Data records
§ §

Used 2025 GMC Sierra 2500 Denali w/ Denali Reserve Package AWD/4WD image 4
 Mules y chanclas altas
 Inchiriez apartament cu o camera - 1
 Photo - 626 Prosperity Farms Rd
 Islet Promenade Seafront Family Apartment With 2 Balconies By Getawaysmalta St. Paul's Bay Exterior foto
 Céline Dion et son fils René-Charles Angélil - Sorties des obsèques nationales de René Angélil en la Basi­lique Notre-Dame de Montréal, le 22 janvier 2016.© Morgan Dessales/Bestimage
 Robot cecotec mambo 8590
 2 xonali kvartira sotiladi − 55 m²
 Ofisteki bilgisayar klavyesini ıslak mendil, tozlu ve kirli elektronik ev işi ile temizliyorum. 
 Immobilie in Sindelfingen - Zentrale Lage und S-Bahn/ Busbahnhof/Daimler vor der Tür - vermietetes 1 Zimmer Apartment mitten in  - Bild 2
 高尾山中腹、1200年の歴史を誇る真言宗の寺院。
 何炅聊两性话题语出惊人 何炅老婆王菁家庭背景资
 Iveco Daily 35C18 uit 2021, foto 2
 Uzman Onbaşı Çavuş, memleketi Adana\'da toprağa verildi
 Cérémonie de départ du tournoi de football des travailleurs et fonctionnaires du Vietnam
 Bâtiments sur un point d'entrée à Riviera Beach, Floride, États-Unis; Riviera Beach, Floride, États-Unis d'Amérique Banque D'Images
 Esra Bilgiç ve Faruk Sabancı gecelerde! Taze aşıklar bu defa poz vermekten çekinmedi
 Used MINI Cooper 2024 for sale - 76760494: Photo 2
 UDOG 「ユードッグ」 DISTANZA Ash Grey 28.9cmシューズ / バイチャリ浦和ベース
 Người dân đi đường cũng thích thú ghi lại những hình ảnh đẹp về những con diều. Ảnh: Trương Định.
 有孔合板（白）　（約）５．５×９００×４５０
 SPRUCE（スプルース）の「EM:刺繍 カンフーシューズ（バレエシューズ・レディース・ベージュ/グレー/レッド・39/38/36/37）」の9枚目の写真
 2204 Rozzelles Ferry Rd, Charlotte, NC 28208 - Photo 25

§ §

• [Exercise directions] Take the records above and return, word for word, only the lines that fall from the line with "Céline Dion et" to the line with "Ofisteki bilgisayar klavyesini", both of them included.

• [Task result]
 Céline Dion et son fils René-Charles Angélil - Sorties des obsèques nationales de René Angélil en la Basi­lique Notre-Dame de Montréal, le 22 janvier 2016.© Morgan Dessales/Bestimage
 Robot cecotec mambo 8590
 2 xonali kvartira sotiladi − 55 m²
 Ofisteki bilgisayar klavyesini ıslak mendil, tozlu ve kirli elektronik ev işi ile temizliyorum. 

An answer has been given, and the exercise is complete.